La faible croissance à court terme et l’augmentation du coût de la dette à brève échéance ne font que rendre plus ardue la gestion du problème.

A l’instar des autres institutions économiques internationales, l’OCDE a publié, la semaine dernière, ses prévisions pour la conjoncture mondiale; rien de folichon mais un message désormais assez consensuel que la croissance mondiale est en mesure d’éviter les affres d’une récession à horizon dix-huit mois.

Alors que le mois de mai nous a rejoué pour la énième fois le «psychodrame» du plafond de la dette américaine, finalement (pour ne pas dire logiquement) relevé, les opérateurs de marché sont désormais dans l’attente des décisions monétaires de la Réserve Fédérale cette semaine puis de la BCE dans un second temps; dans ce contexte, la récente publication de l’OCDE offre un chapitre intéressant sur une question que l’on a eu un peu tendance à occulter au cours des derniers mois au profit du «risque de récession» ou de «la crise de l’inflation», celle des finances publiques et de la menace qu’elles font planer sur l’économie mondiale à moyen terme.

Que les hommes politiques américains aient fait durer le (faux) «suspens» jusqu’à la dernière seconde pour caresser leurs électeurs dans le sens du poil à l’approche des élections de 2024 n’a rien d’étonnant. Nous avons désormais tout compris l’inutilité de la politisation de ce débat récurrent aux Etats-Unis, qui ne constitue qu’un effet secondaire d’une réalité première: la détérioration continue des finances publiques américaines depuis 2008. Ainsi, le ratio de la dette sur le PIB US a doublé en quinze ans, symbolisant on ne peut mieux la «gabegie» dans la gestion des finances publiques américaines au cours de la dernière décennie; j’avais en son temps écrit que la baisse des impôts mise en œuvre par D.Trump était la «plus stupide de l’histoire»; je persiste et je signe même si l’ex-Président n’est évidemment pas le seul à blâmer dans l’accélération vertigineuse de la dette américaine au cours de la dernière décennie.

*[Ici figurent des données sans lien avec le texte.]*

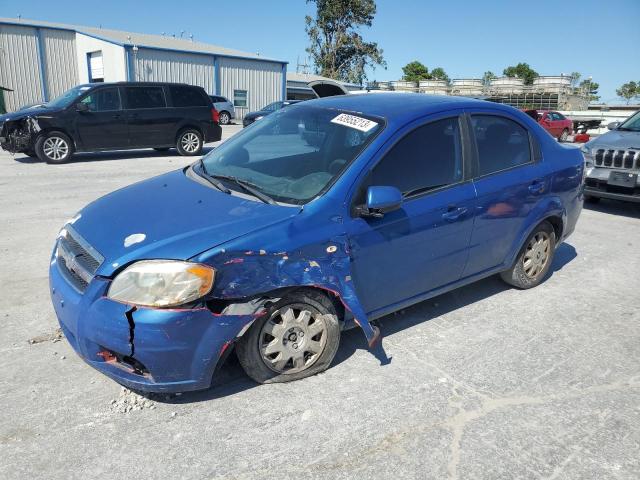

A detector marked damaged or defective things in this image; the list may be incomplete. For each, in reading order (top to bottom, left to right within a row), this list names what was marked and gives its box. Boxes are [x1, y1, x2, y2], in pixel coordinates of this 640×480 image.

crumpled front bumper [49, 256, 258, 392]
cracked headlight [106, 260, 214, 306]
damaged blue sedan [50, 92, 584, 392]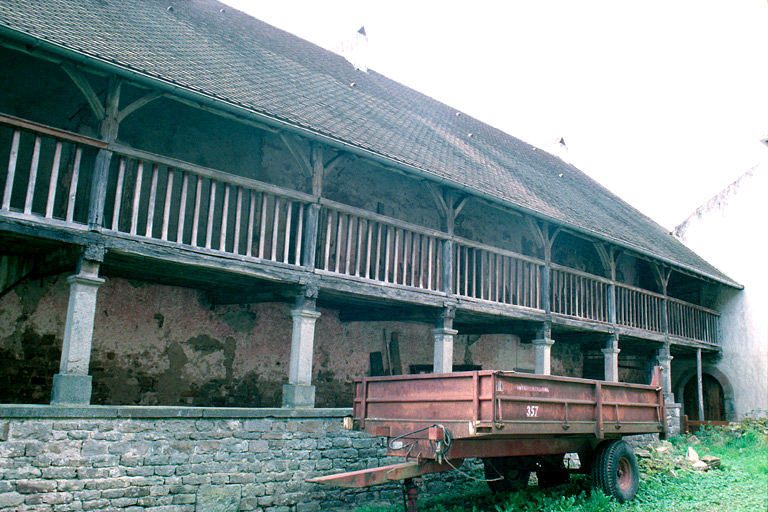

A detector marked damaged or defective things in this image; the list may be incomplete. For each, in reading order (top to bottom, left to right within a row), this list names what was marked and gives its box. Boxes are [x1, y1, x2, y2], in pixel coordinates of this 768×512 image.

rusty trailer [310, 368, 664, 508]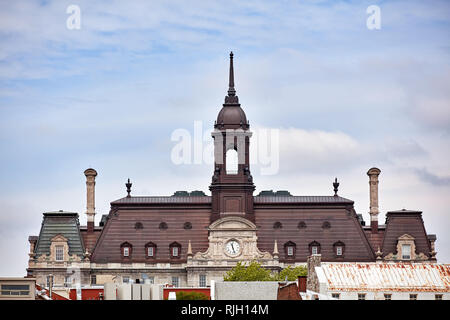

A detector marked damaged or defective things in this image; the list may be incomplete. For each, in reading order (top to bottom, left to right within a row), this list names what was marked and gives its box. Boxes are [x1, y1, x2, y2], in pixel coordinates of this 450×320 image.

rusty metal roof [318, 262, 450, 292]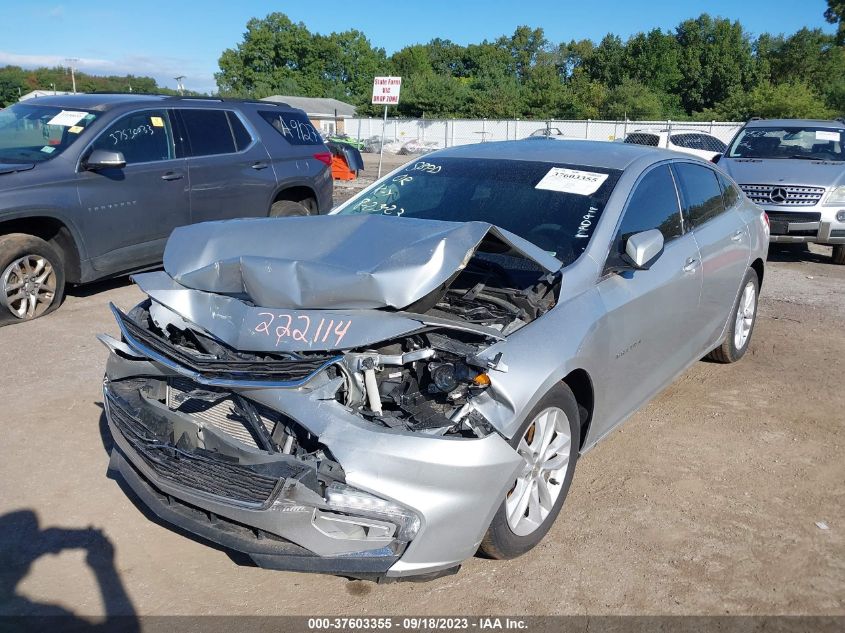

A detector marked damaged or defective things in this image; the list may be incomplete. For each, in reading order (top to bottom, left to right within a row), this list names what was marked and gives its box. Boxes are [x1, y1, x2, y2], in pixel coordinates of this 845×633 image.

crumpled hood [720, 157, 844, 189]
crumpled hood [164, 214, 560, 310]
damaged silver sedan [102, 141, 768, 580]
destroyed front bumper [100, 350, 520, 576]
shattered headlight [324, 482, 420, 540]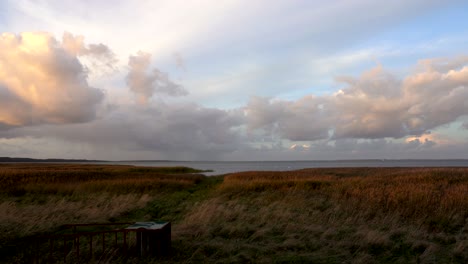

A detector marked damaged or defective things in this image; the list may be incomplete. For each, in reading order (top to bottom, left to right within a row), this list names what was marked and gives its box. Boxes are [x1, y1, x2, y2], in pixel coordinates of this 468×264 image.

rusty metal bin [125, 222, 171, 256]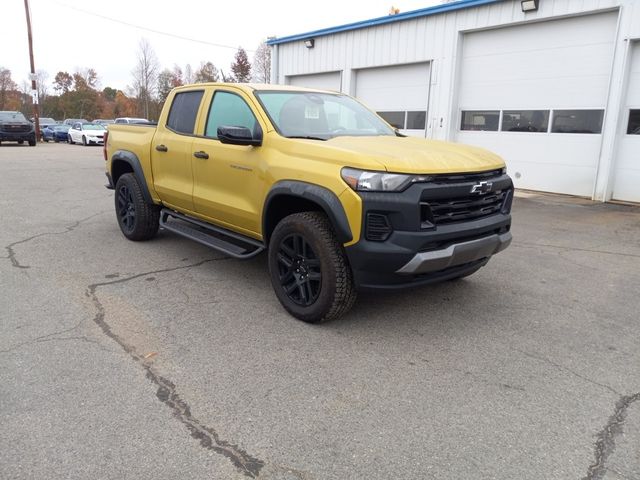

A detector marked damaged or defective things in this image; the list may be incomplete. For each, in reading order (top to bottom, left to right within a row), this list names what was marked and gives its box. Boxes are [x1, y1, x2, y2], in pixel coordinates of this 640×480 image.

cracked asphalt [1, 142, 640, 480]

L’Europe n’est évidemment pas en reste! A l’image du grand soulagement des autorités françaises après la décision d’un organisme de notation de maintenir le rating de leur dette souveraine. Nous savons tous que la perte de contrôle sur les déficits et la dette ne peut pas continuer ad aeternam sur le sol européen. A cet égard, le ministre allemand des finances, Christian Lindner, a donné de la voix au cours des derniers jours, dans le cadre des négociations sur la restauration d’un cadre global pour le contrôle budgétaire et financier - le célèbre Pacte de Stabilité 2 – dont on ne pourra pas faire l’économie à terme. La position «rigoriste» du ministre allemand, qui se dit d’ailleurs soutenu par d’autres, ne fait que démontrer une chose: même si l’on a eu tendance à éviter la question, il faut que l’Europe y apporte des réponses.

L’OCDE note, au passage, que la révolution numérique pourrait être un défi de plus à gérer dans le cadre de la question globale des finances publiques.

Dès lors, le coup de semonce de l’OCDE (« assurer la viabilité des finances publiques à long terme est devenue une nécessité plus urgente et les pouvoirs publics devraient en faire un objectif plus important ») ne pouvait mieux tomber ! L’organisation parisienne relève au passage que les efforts pour réduire les déficits publics primaires demeurent insuffisants dans un contexte de pression « considérable » à long terme en relation avec un vieillissement de la population et avec la transition climatique. La faible croissance à court terme et l’augmentation du coût de la dette à brève échéance ne font que rendre plus ardue la gestion du problème.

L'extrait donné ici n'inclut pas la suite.